Schenectady schools lauded for arts programs

The Schenectady School District has made an art out of picking up awards.

The Schenectady School District has made an art out of picking up awards.

Most recently, the district has won a national award for its commitment to arts education. The city’s schools were singled out by the Kennedy Center Education Network and the National School Boards Association for providing arts education in visual arts, music, theater and dance.

Schenectady Board of Education President Jeff Janiszewski and board member Lisa Russo received the 20th annual award and a $10,000 prize at the School Board Association’s annual conference Monday in Orlando, Fla.

In November, the district had won a statewide award from the Alliance for Arts and Education and the New York State School Board Association. This put the district in the running for the national award.

Janiszewski said the award represents decades of efforts by school board members, administrators, teachers and taxpayers, all who understood the importance of the arts.

“We believe that involvement in the arts at the early stages actually builds intellectual capability,” he said.

“Our students are not just performing, they’re creating product and therefore, obviously, stretching their intellect,” he said. “Those are some of the things that make us the best in the nation.”

He said the judges were also impressed by the amount of community collaboration, including residencies, field trips and professional development programs. One example of a partnership is with Proctors, Janiszewski said. “That’s another thing we want to broaden and expand.”

Darrell Ayers, vice president for education for the John F. Kennedy Center for the Performing Arts, said he was impressed that Schenectady makes sure that every child has arts education throughout his or her academic career. In some districts, students will have arts education one year but not the next.
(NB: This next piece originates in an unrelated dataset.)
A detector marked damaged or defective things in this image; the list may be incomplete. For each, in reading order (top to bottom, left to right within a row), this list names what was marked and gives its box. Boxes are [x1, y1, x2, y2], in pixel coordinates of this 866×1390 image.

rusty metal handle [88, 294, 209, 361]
“We wouldn’t teach math that way yet a lot of school districts deny children exposure to the arts,” he said.

Another factor in Schenectady’s favor is it devotes about 5 percent of the instructional budget to arts education and allows students to focus on the four disciplines.

One of the features is the John Sayles School of Fine Arts, which is a 42,000-square-foot wing at the high school. It has the Blue Roses Theatre Company, which has performed more than 40 shows. They offer dance programs including jazz, tap, ballet and Afro-Brazilian. It also offers Advanced Placement and International Baccalaureate courses including Studio in Art and drawing.

Ayers said every year between 10 and 12 school districts vie for the national award. Districts must submit a lengthy report documenting programs and the involvement from the parents and community at large. Since 1989, the award has recognized 39 school boards in 24 states.

Fine arts Coordinator Nancy Lussier and John Sayles School of Fine Arts House Principal Peg Normandin also attended the award ceremony in Orlando.

Superintendent Eric Ely called the Kennedy Center award a real honor, and noted the district is looking at expanding its current concept of a kindergarten through sixth-grade magnet school for the arts to kindergarten through eighth grade.